With the pictures left out, transcribe exactly the lines from the one with "ハッピーハローウィン カッティングボード (角)" through the end of the data.

*** Records for the exercise

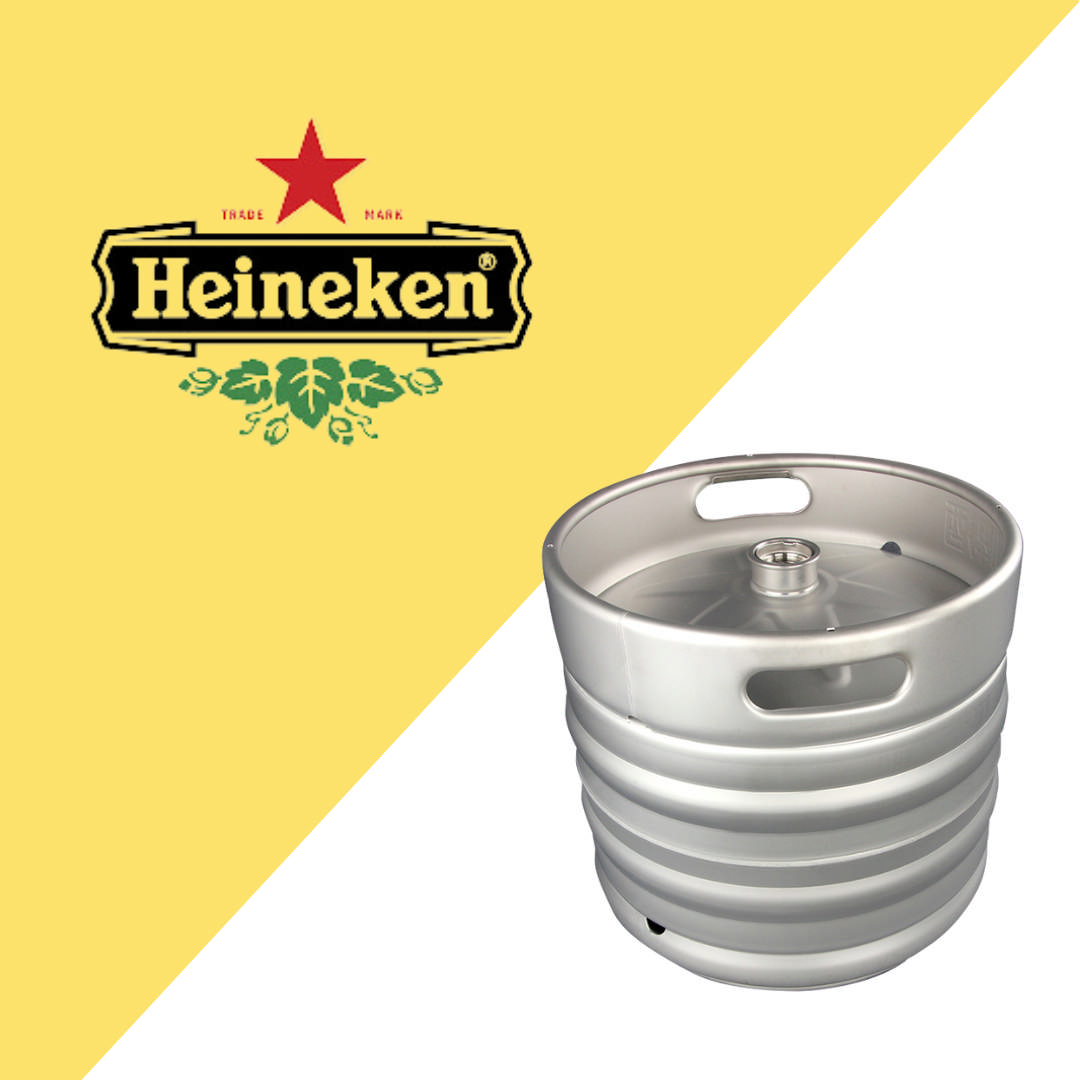 Heineken 30l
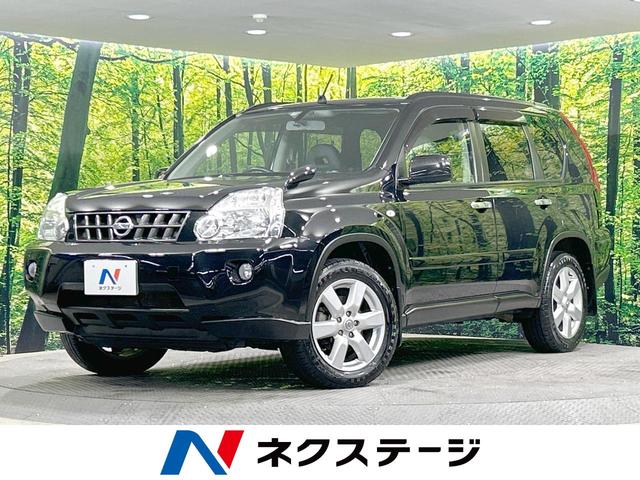 日産 エクストレイル ２０Ｘｔ　４ＷＤ　純正ＳＤナビ　全席シートヒーター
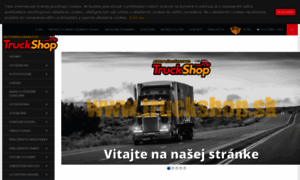 Truckshop.sk thumbnail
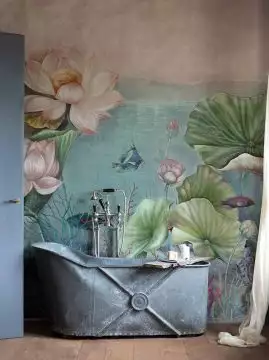 Oxygen by Wall and deco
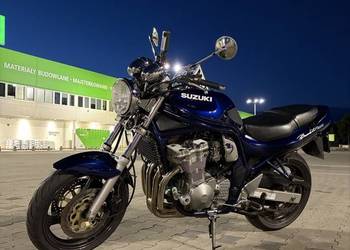 Suzuki  GSF 600 Bandit. Super Stan. Nowe Opony !!! Gotowy do jazdy.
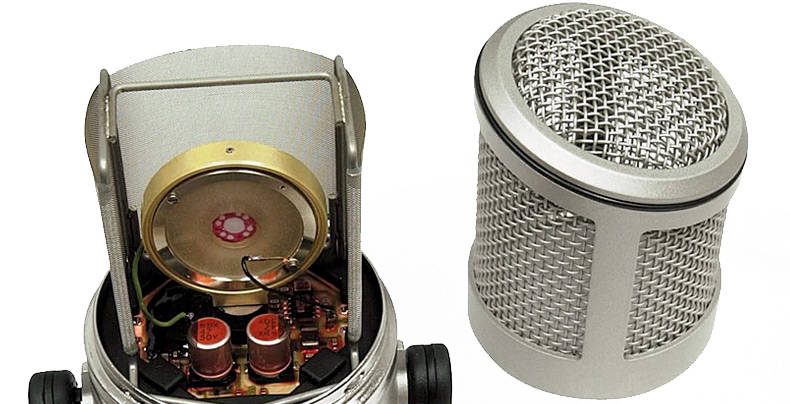 选对麦克风,让你的声音创作更有质感——797audio x3-a使用体验_电容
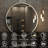 24''/30'' Round Led Bathroom Mirror, Gold/Black/Gray Frame Vanity Mirror, Lighted Wall Mounted Circle Mirror, Anti-Fog, Dimmable , 3 Colors Frontlit (Horizontal/Vertical)-113336739-113336738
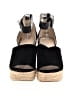 Marc Fisher Black Wedges Size 8 1/2 - photo 2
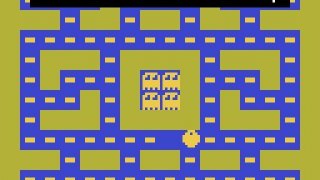 VCS Pac-Man Remade for Today's Technology (itch)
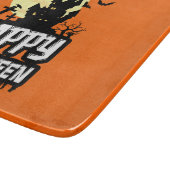 ハッピーハローウィン カッティングボード (角)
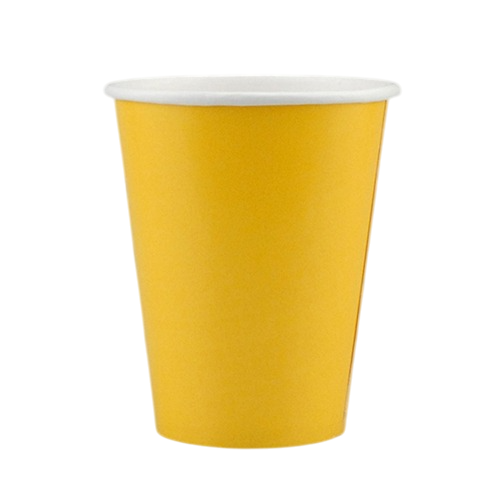 Colored Paper Cup - 9 oz. Product Image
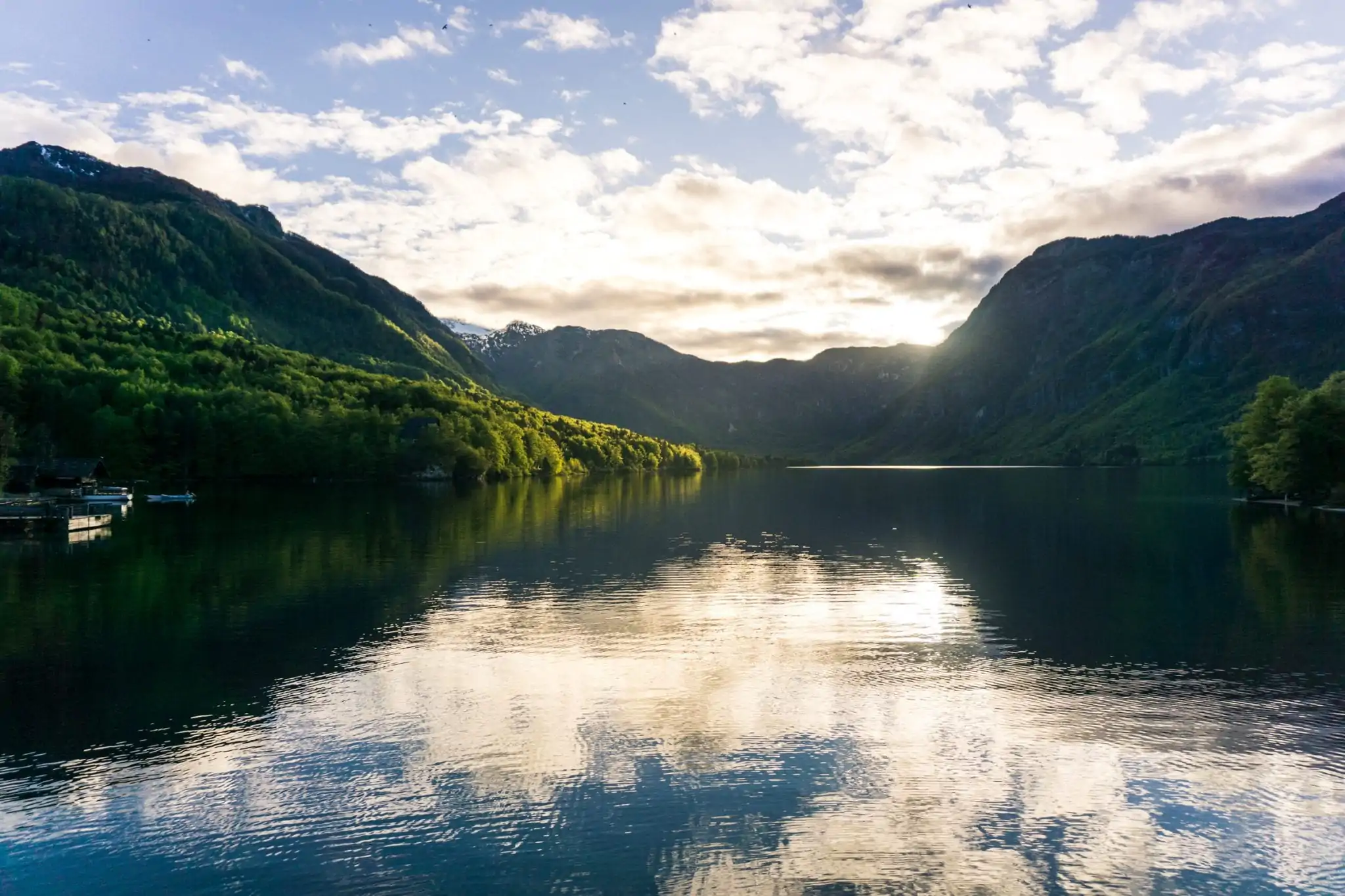 mooiste hike in Bohinj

******

### Answer to the problem
 ハッピーハローウィン カッティングボード (角)
 Colored Paper Cup - 9 oz. Product Image
 mooiste hike in Bohinj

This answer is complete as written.